I assume you're thinking of what used to be, and perhaps still are referred to as 'multilayer perceptrons' in your question about neural networks. If so then I'd explain the whole thing in terms of flexibility about the form of the decision boundary as a function of explanatory variables. In particular, for this audience, I wouldn't mention link functions / log odds etc. Just keep with the idea that the probability of an event is being predicted on the basis of some observations.
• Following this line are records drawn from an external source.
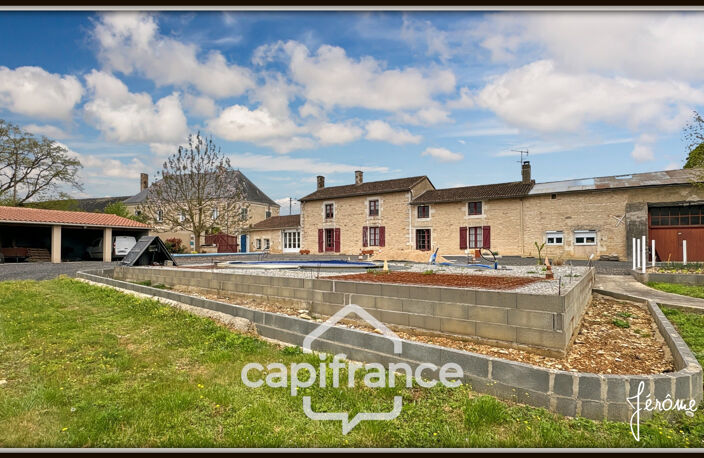 Maison en pierre à vendre 6 pièces 4 chambres + studio indépendant sur terrain 3 260 m² avec dépendances Champigny-En-Rochereau (86) — photo 4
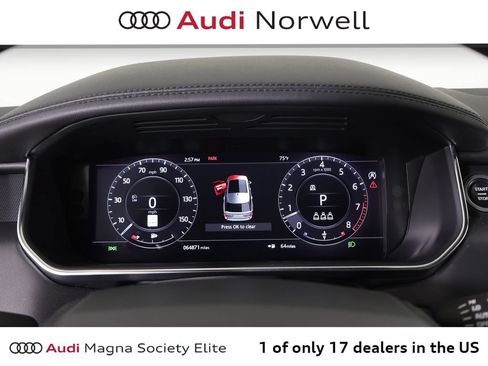 Used 2020 Land Rover Range Rover HSE AWD/4WD image 32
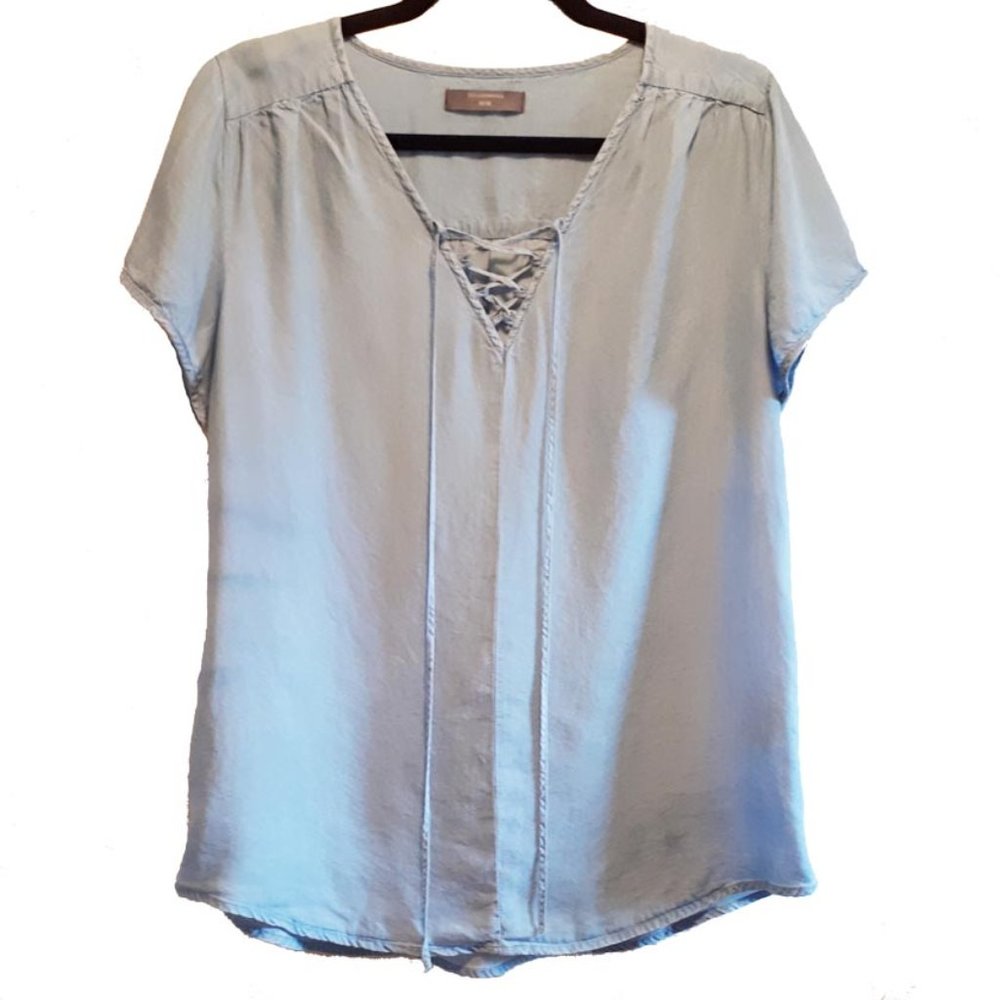 Soft blue chambray top. Denver Hayes size medium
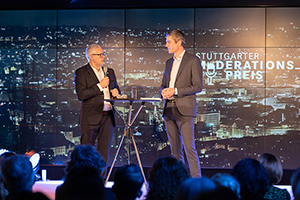Prof. Stephan Ferdinand mit Prof. Ingo Zamperoni bei der Verleihung des Stuttgarter Moderationspreises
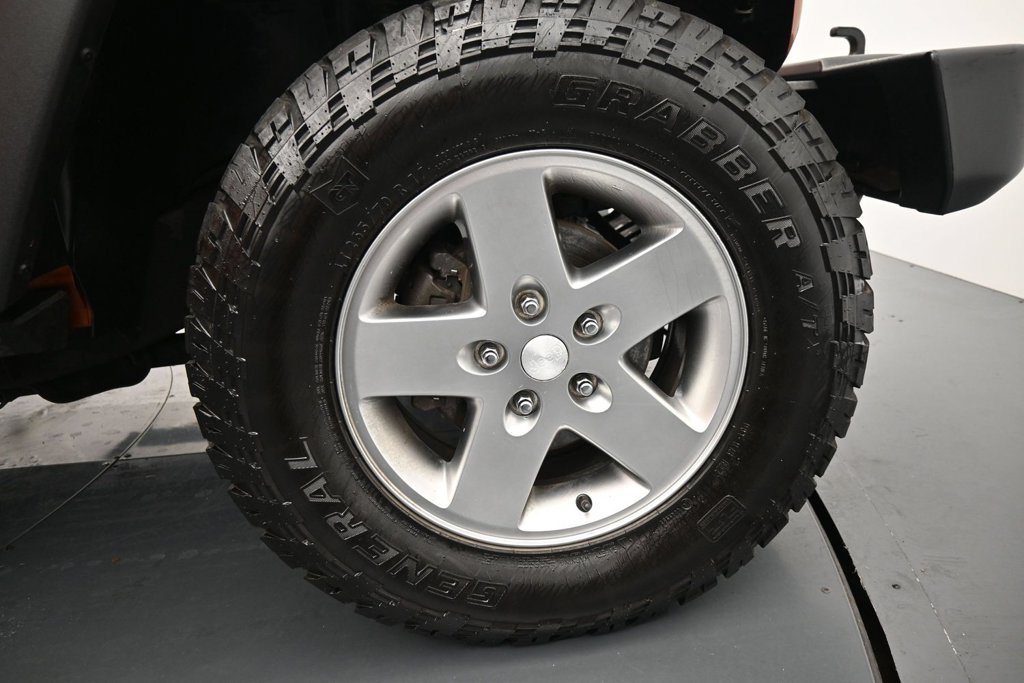 Used 2011 Jeep Wrangler Rubicon w/ Dual Top Group AWD/4WD image 11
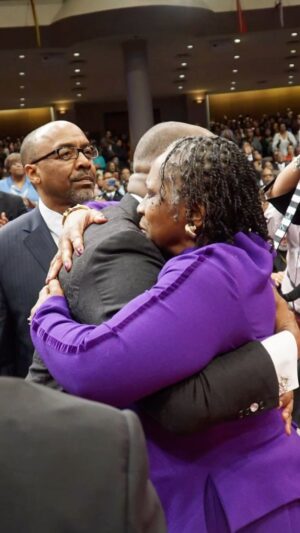 Jamal Bryant Instagram - I don’t have the words to adequately express the love I have for @bryant.cecelia . Her prayers have kept me together when I was falling apart. Her wisdom overturned my foolishness. Her instructions got me to the mountain from valley residency. Her support convinced me I could jump over troops. Her exhale is what lets me inhale! I thank GOD for my momma!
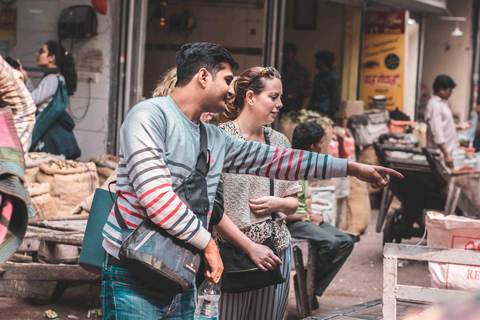 Old Delhi: 4 Hour Guided Walk with transfers & Entry Ticket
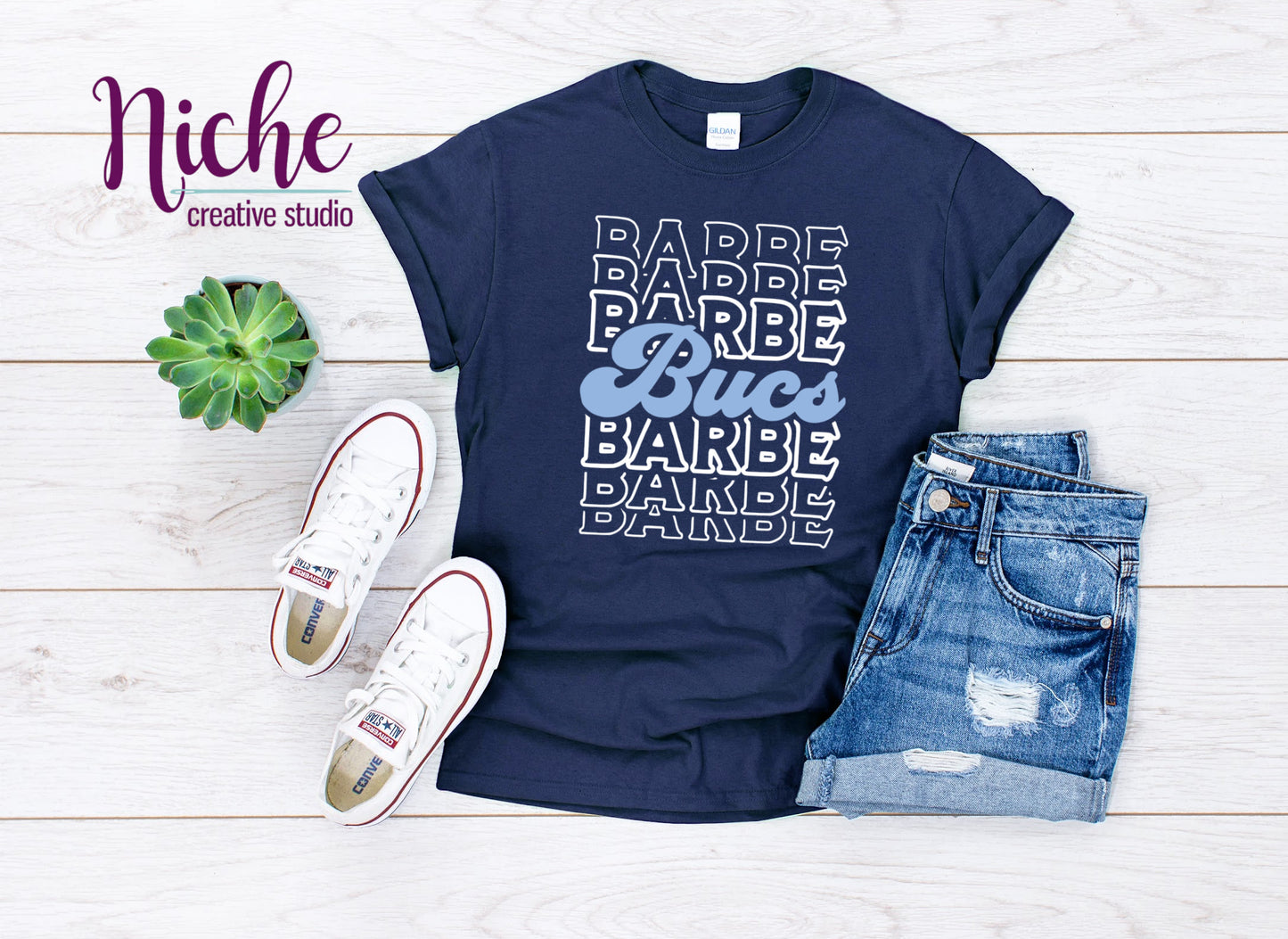 -BAR3084 Bucs Repeating Decal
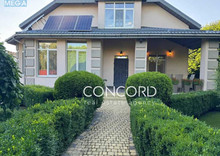 Продаж дома, 2&nbsp;поверху, 248&nbsp;кв.м, 5&nbsp;кімнат, ділянка 15&nbsp;соток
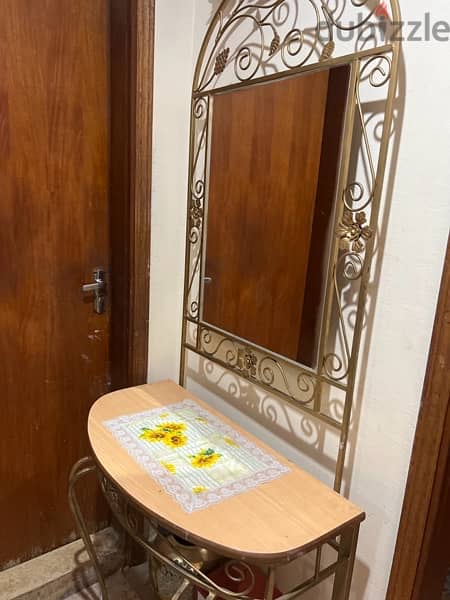 dressing table made of iron in golden colour 0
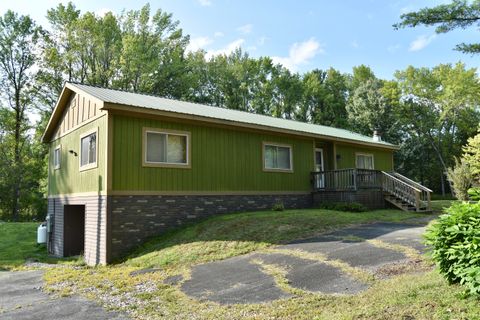 Mobile Home For Sale - 697 Point Road<br/> Willsboro, NY 12996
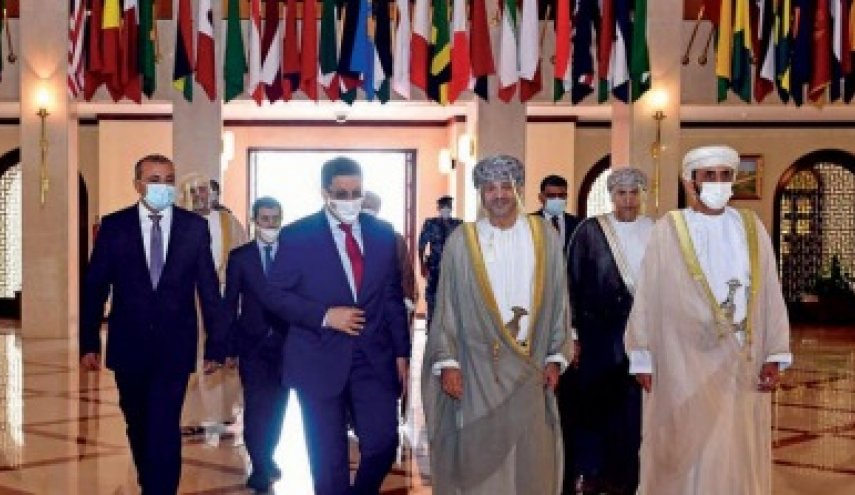  الحوثي والمشاط يلتقيان وفد المكتب السلطاني العماني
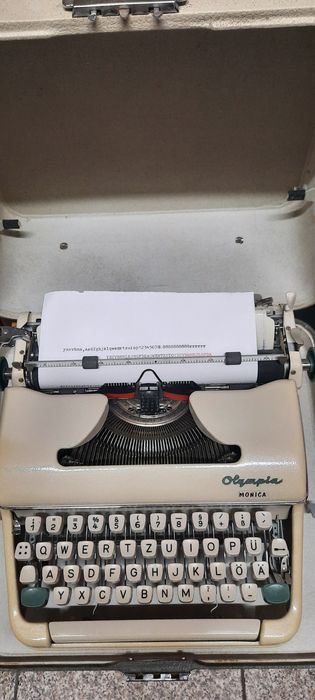 Mașină de scris Olympia Monica impecabilă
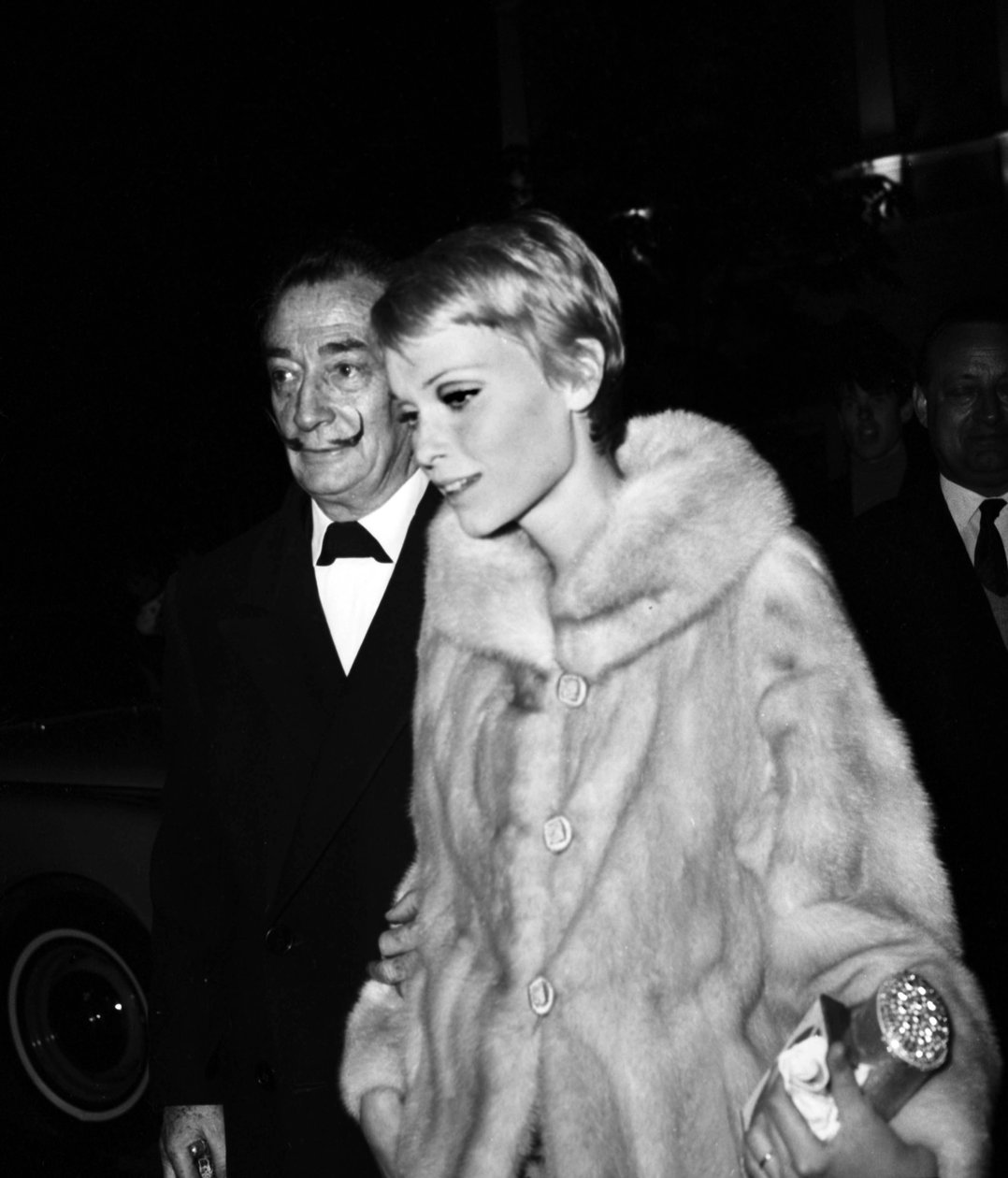 Salvador Dali et Mia Farrow à la première du film "La Nuit des généraux", Paris, 19 avril 1967 - Unbekannt Unbekannt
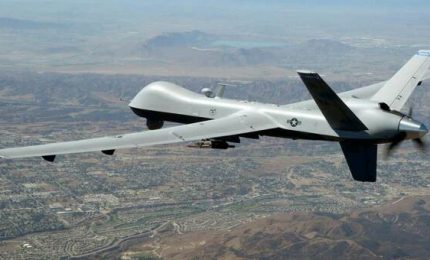 Un gruppo di marinai russi ha recuperato i resti del Drone MQ-9A abbattuto nel Mar Nero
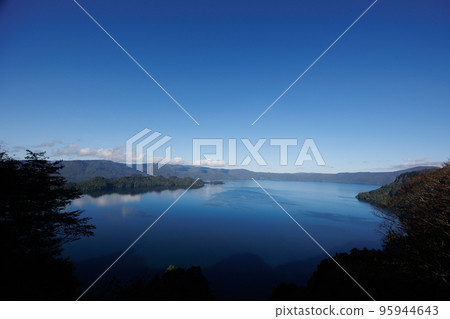 Blue Lake Towada seen from Kyukankodai (Lake Towada, Aomori Prefecture) Blue Lake Towada seen from Kyukankodai (Lake Towada, Aomori Prefecture) 95944643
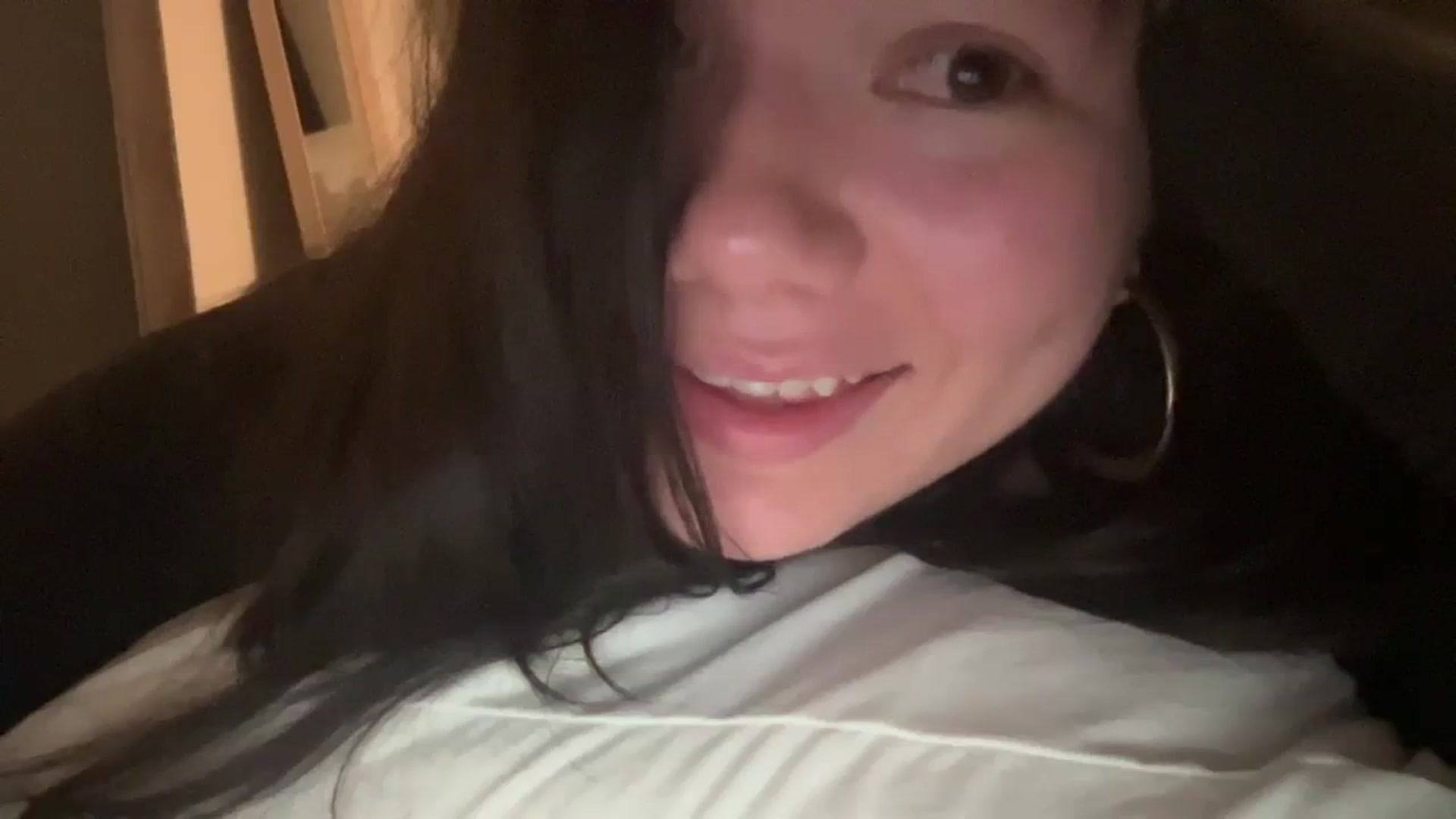 Gallery image thumbnail from imava's myfreecams stream on, 04/08/2024, 10:21 image 16 of 20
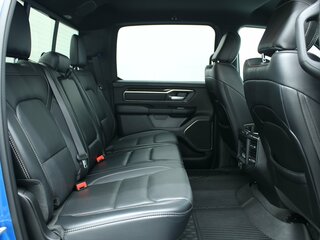 2022 Ram 1500 Crew Cab V, синий, 7295000 рублей, вид 5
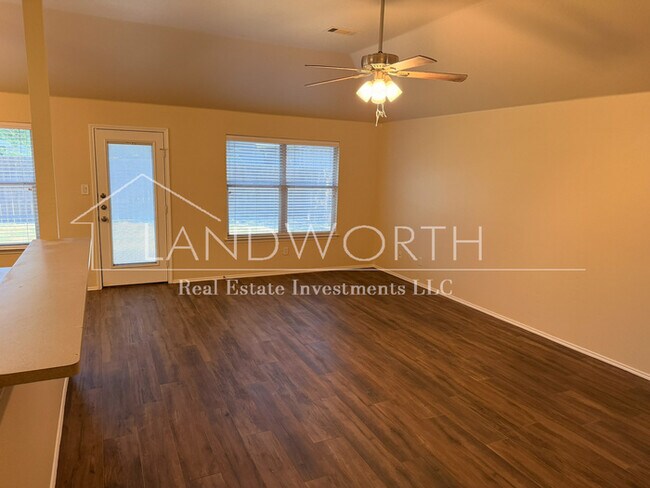 Building Photo - 9617 Olivia Dr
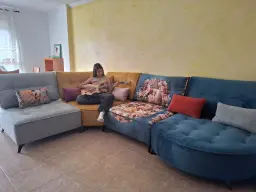 Carlota inspirada por Frida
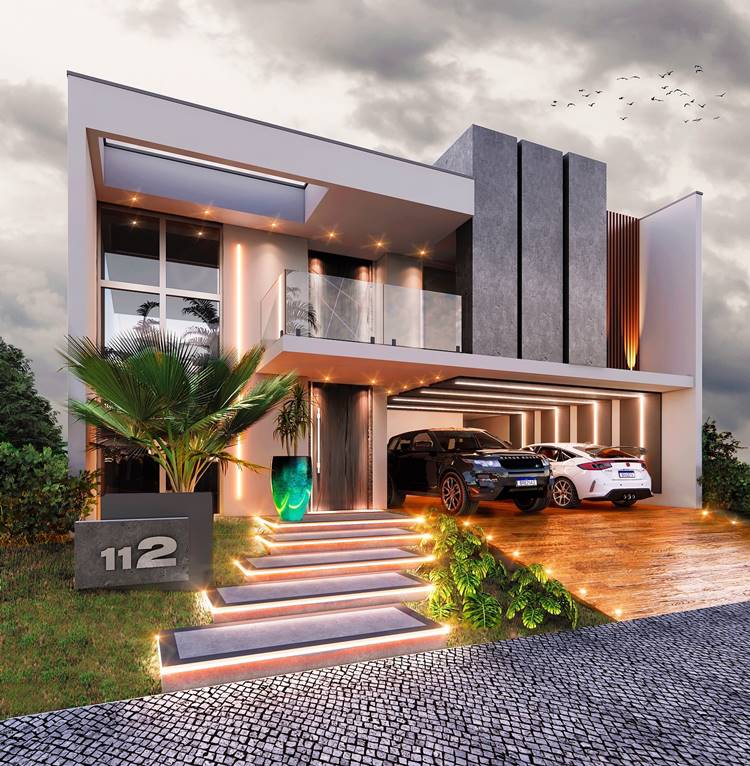 casa moderna com dois carros na garagem. A casa tem um estilo arquitetônico contemporâneo, com janelas grandes e uma combinação de materiais brancos e cinzas. A casa tem o número “112” em uma placa escura perto de uma palmeira. Há uma série de degraus com iluminação embutida que levam até a entrada principal, que tem uma luminária verde ao lado. O céu está nublado e há pássaros voando em formação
Here's a possible sequence:

  • Make sure they know what a predicted probability is, conceptually speaking. Show it as a function of one variable in the context of some familiar data. Explain the decision context that will be shared by logistic regression and neural networks.
  • Start with logistic regression. State that it is the linear case but show the linearity of the resulting decision boundary using a heat or contour plot of the output probabilities with two explanatory variables.
  • Note that two classes may not be well-separated by the boundary they see and motivate a more flexible model to make a more curvy boundary. If necessary show some data that would be well distinguished this way. (This is why you start with 2 variables)
  • Note that you could start complicating the original linear model with extra terms, e.g. squares or other transformations, and maybe show the boundaries that these generate.
  • But then discard these, observing that you don't know in advance what the function form ought to be and you'd prefer to learn it from the data. Just as they get enthusiastic about this, note the impossibility of this in complete generality, and suggest that you are happy to assume that it should at least be 'smooth' rather than 'choppy', but otherwise determined by the data. (Assert that they were probably already thinking of only smooth boundaries, in the same way as they'd been speaking prose all their lives).
  • Show the output of a generalized additive model where the output probability is a joint function of the pair of the original variables rather than a true additive combination - this is just for demonstration purposes. Importantly, call it a smoother because that's nice and general and describes things intuitively. Demonstrate the non-linear decision boundary in the picture as before.
  • Note that this (currently anonymous) smoother has a smoothness parameter that controls how smooth it actually is, refer to this in passing as being like a prior belief about smoothness of the function turning the explanatory variables into the predicted probability. Maybe show the consequences of different smoothness settings on the decision boundary.
  • Now introduce the neural net as a diagram. Point out that the second layer is just a logistic regression model, but also point out the non-linear transformation that happens in the hidden units. Remind the audience that this is just another function from input to output that will be non-linear in its decision boundary.
  • Note that it has a lot of parameters and that some of them need to be constrained to make a smooth decision boundary - reintroduce the idea of a number that controls smoothness as the same (conceptually speaking) number that keeps the parameters tied together and away from extreme values. Also note that the more hidden units it has, the more different types of functional forms it can realise. To maintain intuition, talk about hidden units in terms of flexibility and parameter constraint in terms of smoothness (despite the mathematical sloppiness of this characterization)
  • Then surprise them by claiming since you still don't know the functional form so you want to be infinitely flexible by adding an infinite number of hidden units. Let the practical impossibility of this sink in a bit. Then observe that this limit can be taken in the mathematics, and ask (rhetorically) what such a thing would look like.
  • Answer that it would be a smoother again (a Gaussian process, as it happens; Neal, 1996, but this detail is not important), like the one they saw before. Observe that there is again a quantity that controls smoothness but no other particular parameters (integrated out, for those that care about this sort of thing).
  • Conclude that neural networks are particular, implicitly limited, implementations of ordinary smoothers, which are the non-linear, not necessarily additive extensions of the logistic regression model. Then do it the other way, concluding that logistic regression is equivalent to a neural network model or a smoother with the smoothing parameter set to 'extra extra smooth' i.e. linear.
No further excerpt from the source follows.